COMMONWEALTH OF MASSACHUSETTS

MIDDLESEX, ss. SUPERIOR COURT

CIVIL ACTION

NO. 98-4820

WILLIAM SILVERSTEIN,
Plaintiff

v.

MICROSYSTEMS SOFTWARE, INC.,
THE LEARNING COMPANY, INC.,
RICHARD GORGENS,
DEBRA GORGENS, and
LARRY MASON,
Defendants

 

MEMORANDUM OF LAW IN SUPPORT OF SUMMARY JUDGMENT

William Silverstein, the plaintiff in this action, hereby submits his memorandum of law in support of his motion for summary judgment on the libel counterclaim of defendants Microsystems Software, Inc. ("MSI") and The Learning Company ("TLC").

The Elements of the Claim

A claim for libel requires proof of the following elements:

  1. A defamatory communication about the complainant, (1)
  2. Which was untrue, (2)
  3. With respect to which the party complained of was either:
    (a) in the case of a complainant that is not a public figure: negligent in ascertaining its truth (3) or
    (b)in the case of a public figure: acting with actual malice, in the sense of knowledge that the communication was false or having reckless disregard of its truth or falsity, (4)
  4. Which was published; (5)
  5. Causing actual damage to the complainant. (6)

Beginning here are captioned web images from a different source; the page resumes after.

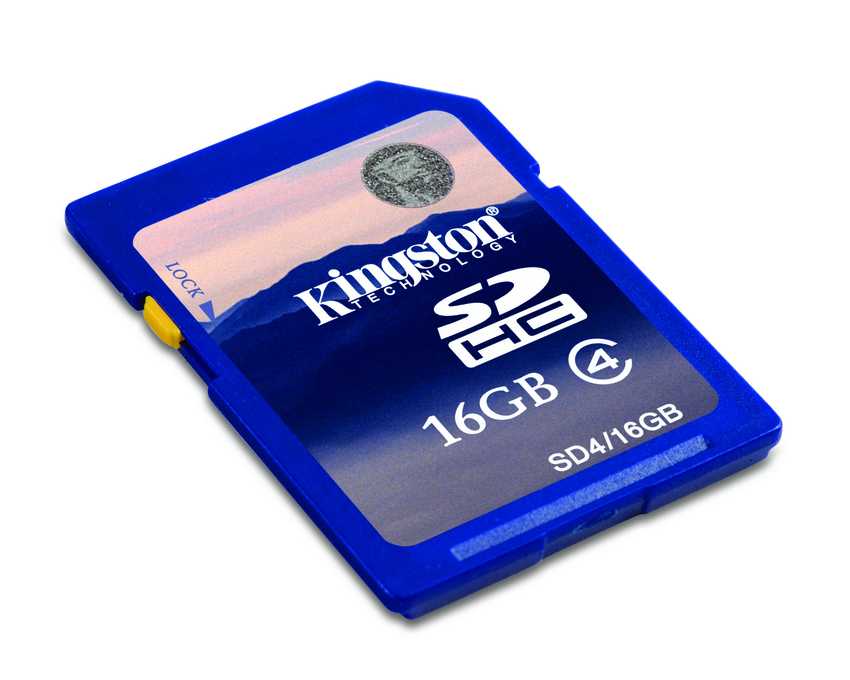 Tarjeta de Memoria SD Kingston 16 Gb Clase 4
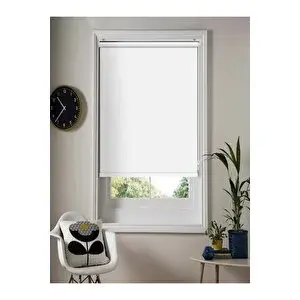 Kidmex Ithal Bambu Beyaz Stor Perde Etek Dilimsiz 150x200 cm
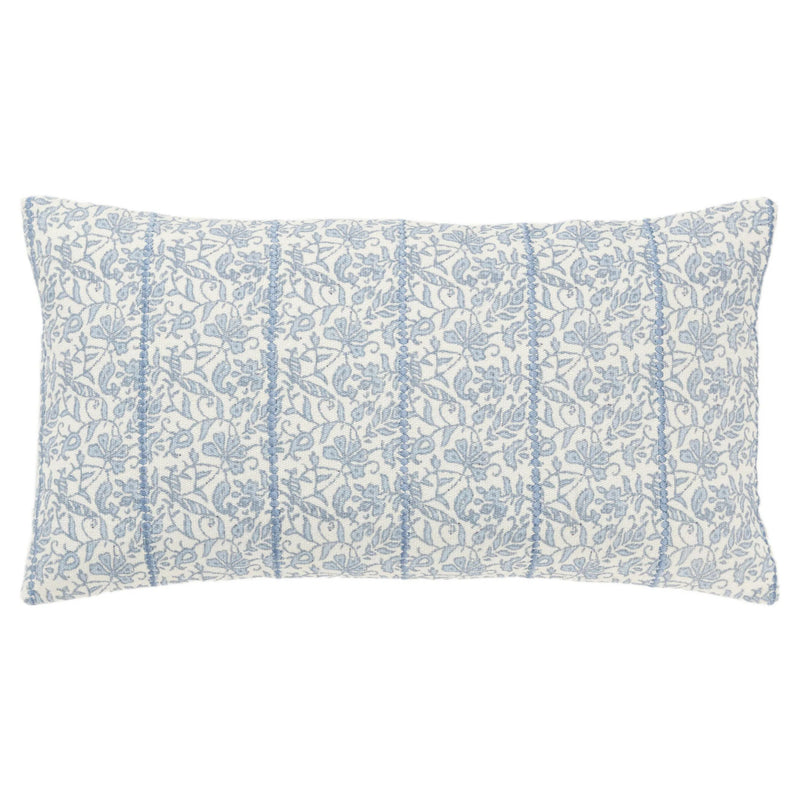 Mia Botanical Long Lumbar Pillow For Bed Throw Pillows LOOMLAN By LOOMLAN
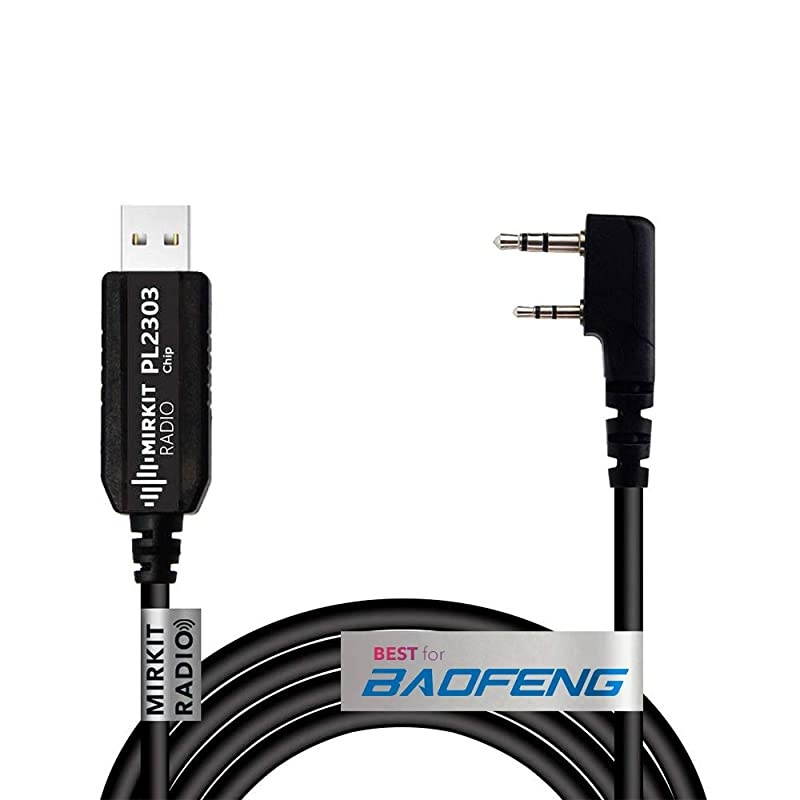 USB Baofeng Programming Cable Basic Model PL2303 Chip for Baofeng Two Way Ham Portable Radios UV5R 5RA 5R Plus 5RE bf F8HP UV3R Plus BF888SUV82 5RX3 GA2S BFF8+ H777 UV82HP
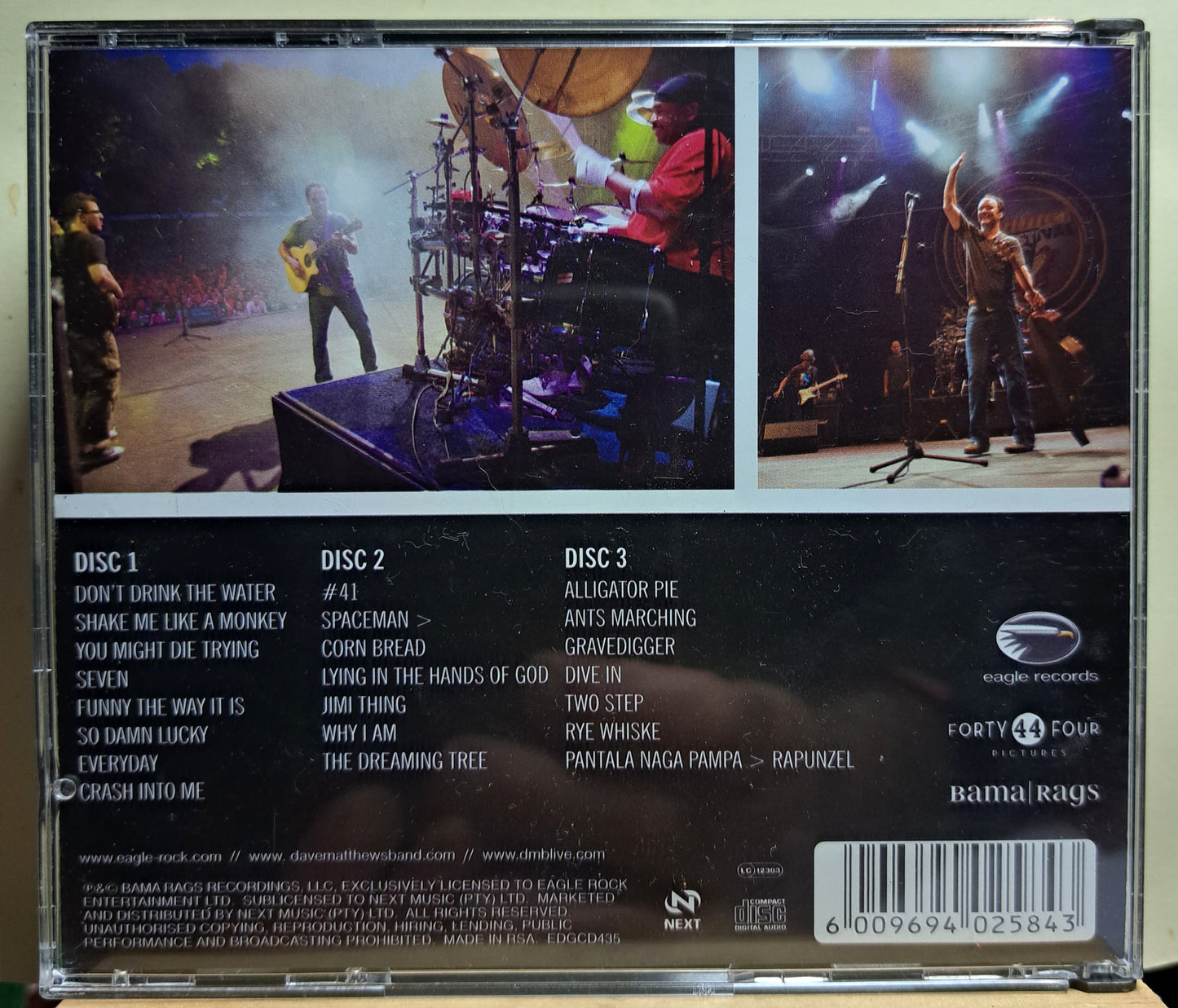 Dave Matthews Band - Live in Europe 2009 (triple cd box set)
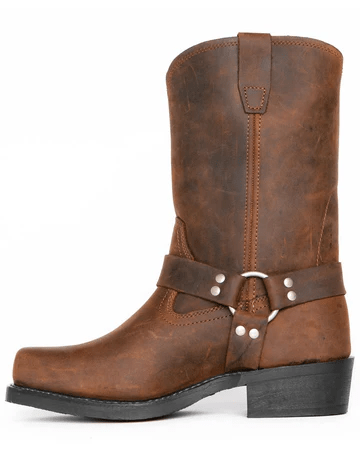 Herren Robuste Stiefel mit Geschirr und wasserdichtem Leder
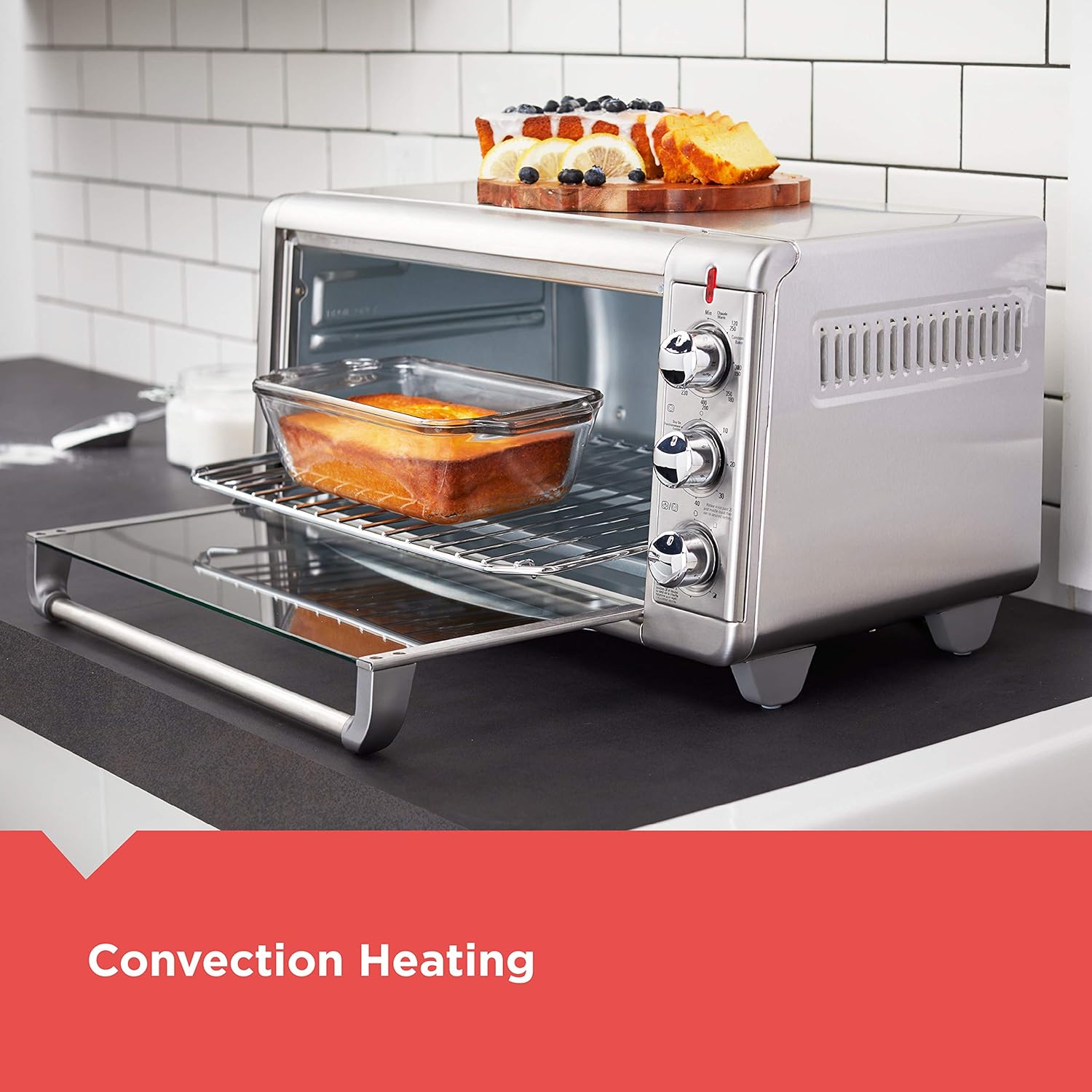 Silver Air Fry Toaster Oven, Fits 9" x 13" Pan Y281110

The complainants here can prove that communications about them were published, but cannot make any other part of the required showing: they cannot show that the communications were defamatory, that they were untrue, that there was negligence, much less malice, on the part of William Silverstein, or that they suffered any actual damages from those communications.

The complainants are (or, in the case of MSI, were) major software companies, with wide distribution of their products at both the consumer and business level. MSI's prize product--now sold by TLC--was Cyber Patrol, sold to keep children and employees alike out of objectionable web sites, which was referred to by name in Justice O'Connor's partially-concurring, partially-dissenting opinion in Reno v. ACLU, 521 U.S. 844, 890 (1997). (7)

In clear recognition of this, they pled their counterclaim as public figures, explicitly alleging that William Silverstein's statements were "made and published recklessly or with actual malice" in paragraph 9 of their counterclaim.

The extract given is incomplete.